Further information
This event is now fully booked and the waiting list is closed.
The Ig Nobel Tour of the UK is sponsored by the British Science Association as part of the National Science and Engineering Week, March 6-15, 2009.
The show features Marc Abrahams, organizer of the Ig Nobel Prizes and Guardian columnist, together with a gaggle of Ig Nobel Prize winners and other improbable researchers. Marc will review the past year’s improbable research and Ig Nobel Prize winners. Several Ig winners (and/or colleagues) will try to explain what they did and why they did it, and will field questions.
In this show are: Piers Barnes, Mahmood Bhutta, Marie-Christine Cadiergues, John Hoyland, Erwin Kompanje, Chris McManus, Dan Meyer, Kees Moeliker, David Sims and Charles Spence.
Time limits will be enforced by eight-year-old Miss Sweetie Poo
Marie-Christine Cadiergues, 2008 Ig Nobel Biology Prize winner for discovering that fleas that live on a dog can jump higher than fleas on a cat. She is a professor at Ecole Nationale Veterinaire de Toulouse.
Kees Moeliker is curator of birds at the Natural History Museum Rotterdam. Moeliker won the 2003 Ig Nobel Biology Prize for documenting the first scientifically recorded case of homosexual necrophilia in the mallard duck. He is also the Annals of Improbable Research European Bureau Chief. On this year’s tour he will present new cases of avian necrophilia and a forgotten study on birds and buttons.
David Sims, 2008 Ig Nobel Literature Prize winner for his study “You Bastard: A Narrative Exploration of the Experience of Indignation within Organizations.”
Charles Spence, 2008 Ig Nobel Nutrition Prize winner for electronically modifying the sound of a potato chip to make the person chewing the chip believe it to be crisper and fresher than it really is. He is a professor at the University of Oxford.
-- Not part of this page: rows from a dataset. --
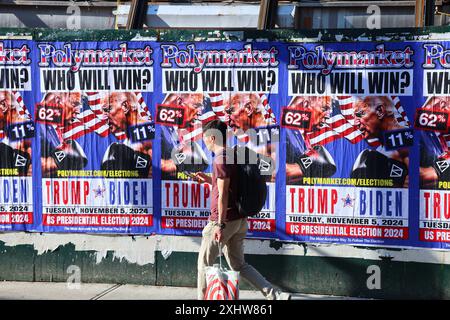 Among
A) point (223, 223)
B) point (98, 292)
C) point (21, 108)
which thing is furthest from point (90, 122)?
point (223, 223)

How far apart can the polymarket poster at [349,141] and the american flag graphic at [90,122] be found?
2051 millimetres

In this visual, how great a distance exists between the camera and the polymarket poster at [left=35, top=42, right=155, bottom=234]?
318 inches

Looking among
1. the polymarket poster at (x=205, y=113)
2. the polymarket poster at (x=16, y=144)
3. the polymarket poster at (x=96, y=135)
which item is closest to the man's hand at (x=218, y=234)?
the polymarket poster at (x=205, y=113)

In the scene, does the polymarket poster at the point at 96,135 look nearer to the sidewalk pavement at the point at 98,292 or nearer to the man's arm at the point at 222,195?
the sidewalk pavement at the point at 98,292

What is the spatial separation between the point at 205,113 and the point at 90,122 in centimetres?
135

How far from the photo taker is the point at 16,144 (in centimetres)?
833

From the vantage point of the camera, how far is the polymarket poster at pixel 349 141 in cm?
746

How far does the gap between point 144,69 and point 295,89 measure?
1.70m

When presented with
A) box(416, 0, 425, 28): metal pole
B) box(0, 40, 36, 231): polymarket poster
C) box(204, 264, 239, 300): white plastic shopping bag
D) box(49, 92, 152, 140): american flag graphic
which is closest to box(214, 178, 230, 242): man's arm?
box(204, 264, 239, 300): white plastic shopping bag

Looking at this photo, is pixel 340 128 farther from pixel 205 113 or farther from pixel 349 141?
pixel 205 113

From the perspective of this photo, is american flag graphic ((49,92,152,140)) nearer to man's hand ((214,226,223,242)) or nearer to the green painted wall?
the green painted wall

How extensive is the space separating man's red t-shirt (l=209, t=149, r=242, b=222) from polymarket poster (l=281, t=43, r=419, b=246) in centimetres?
118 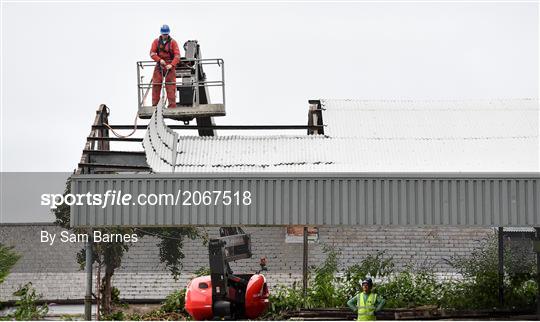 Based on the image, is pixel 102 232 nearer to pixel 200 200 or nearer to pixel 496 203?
pixel 200 200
Brian Witcombe and Dan Meyer shared the 2007 Ig Nobel Medicine Prize for their penetrating medical report “Sword Swallowing and Its Side Effects.” On this year’s tour they will present newly discovered medical cases of (a) swordswallowing mishaps and (b) unlikely (even more unlikely than swords) objects that non-swordswallowers have swallowed.
Piers Barnes, who shared the 2006 Ig Nobel Mathematics Prize for calculating the number of photographs you must take to (almost) ensure that nobody in a group photo will have their eyes closed. He is a research associate in chemistry at Imperial College London.
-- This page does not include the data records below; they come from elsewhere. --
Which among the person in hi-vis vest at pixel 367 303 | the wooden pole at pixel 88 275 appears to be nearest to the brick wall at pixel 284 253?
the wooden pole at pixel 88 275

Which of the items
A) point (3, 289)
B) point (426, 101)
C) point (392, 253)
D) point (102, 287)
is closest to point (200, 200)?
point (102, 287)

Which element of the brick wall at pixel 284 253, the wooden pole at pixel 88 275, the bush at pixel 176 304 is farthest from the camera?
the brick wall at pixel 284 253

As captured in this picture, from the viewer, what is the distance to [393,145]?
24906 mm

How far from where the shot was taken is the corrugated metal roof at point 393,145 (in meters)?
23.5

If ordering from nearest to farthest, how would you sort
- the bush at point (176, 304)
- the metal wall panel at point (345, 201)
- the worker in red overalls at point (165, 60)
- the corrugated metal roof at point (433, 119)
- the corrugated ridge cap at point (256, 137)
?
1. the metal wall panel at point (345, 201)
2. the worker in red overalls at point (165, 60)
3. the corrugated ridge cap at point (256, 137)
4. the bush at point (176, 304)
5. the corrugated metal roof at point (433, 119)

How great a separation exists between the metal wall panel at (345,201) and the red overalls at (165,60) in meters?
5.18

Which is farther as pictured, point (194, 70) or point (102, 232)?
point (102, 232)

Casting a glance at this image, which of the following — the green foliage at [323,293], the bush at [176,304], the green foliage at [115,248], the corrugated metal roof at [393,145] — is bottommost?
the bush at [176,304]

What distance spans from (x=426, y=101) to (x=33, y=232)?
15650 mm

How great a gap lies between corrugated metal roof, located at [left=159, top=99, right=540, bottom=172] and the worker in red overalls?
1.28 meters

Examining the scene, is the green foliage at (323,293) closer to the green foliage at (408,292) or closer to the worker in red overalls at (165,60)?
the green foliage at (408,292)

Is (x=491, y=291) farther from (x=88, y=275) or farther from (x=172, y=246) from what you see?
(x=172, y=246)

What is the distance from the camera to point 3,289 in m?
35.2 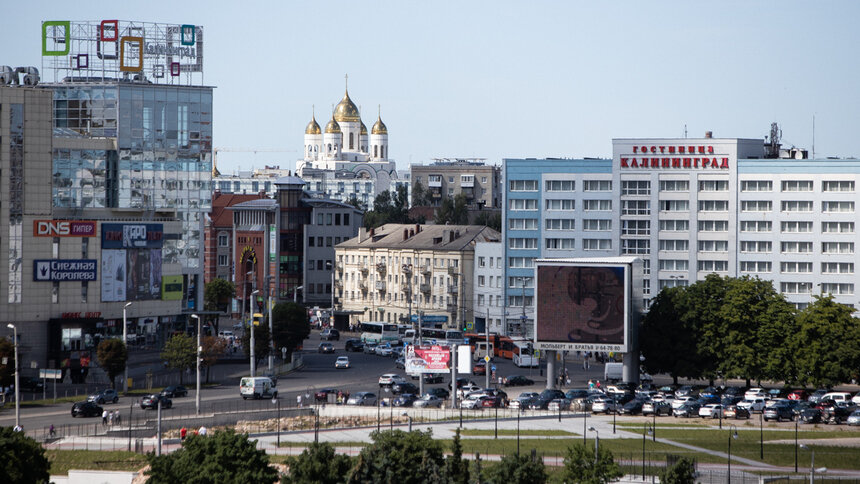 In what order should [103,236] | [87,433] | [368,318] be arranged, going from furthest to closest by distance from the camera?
[368,318] < [103,236] < [87,433]

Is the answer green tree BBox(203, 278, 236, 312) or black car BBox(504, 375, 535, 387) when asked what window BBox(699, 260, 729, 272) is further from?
green tree BBox(203, 278, 236, 312)

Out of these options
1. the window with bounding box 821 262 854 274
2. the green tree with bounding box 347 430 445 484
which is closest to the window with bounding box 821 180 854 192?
the window with bounding box 821 262 854 274

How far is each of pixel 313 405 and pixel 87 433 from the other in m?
19.1

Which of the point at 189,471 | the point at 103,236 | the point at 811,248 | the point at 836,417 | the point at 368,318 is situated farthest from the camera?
the point at 368,318

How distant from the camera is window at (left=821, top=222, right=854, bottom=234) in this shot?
13688cm

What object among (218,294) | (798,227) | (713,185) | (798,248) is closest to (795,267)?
(798,248)

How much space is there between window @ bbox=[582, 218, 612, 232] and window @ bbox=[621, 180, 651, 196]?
3.97 m

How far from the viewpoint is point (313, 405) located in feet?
331

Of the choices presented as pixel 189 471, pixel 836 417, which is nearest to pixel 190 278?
pixel 836 417

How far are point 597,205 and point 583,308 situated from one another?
37.3m

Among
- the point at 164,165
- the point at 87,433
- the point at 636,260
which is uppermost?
the point at 164,165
Chris McManus wrote the study “Scrotal Asymmetry in Man and in Ancient Sculpture” for which he later received the 2002 Ig Nobel Medcine Prize. He is Professor of Psychology and Medical Education at University College London. On this year’s tour he will explain some of the ways left and right get mixed up through honest error, stupid incompetence, and malicious intent to deceive.
John Hoyland created and edits the “Feedback” column in New Scientist Magazine. He is a repository of improbable discoveries.
Erwin Kompanje studies overlooked spectacular medical history. He is a clinical ethicist at Erasmus University Rotterdam. On this year’s tour he will explain “Alien abduction and devil conquest in 17th century and modern medical literature”.
Mahmood Bhutta does innovative research on the acoustics effects of speaking with a hot potato in one’s mouth. He is a surgeon at Wexham Park Hospital.
Tickets for this show are free but are limited to 2 per person and must be booked in advance, email events@imperial.ac.uk with your name, email and postal address. Tickets will be mailed approximately one week before the show.
Each tickets entitles you to one free drink (beer, wine or soft drink) at the reception following the show.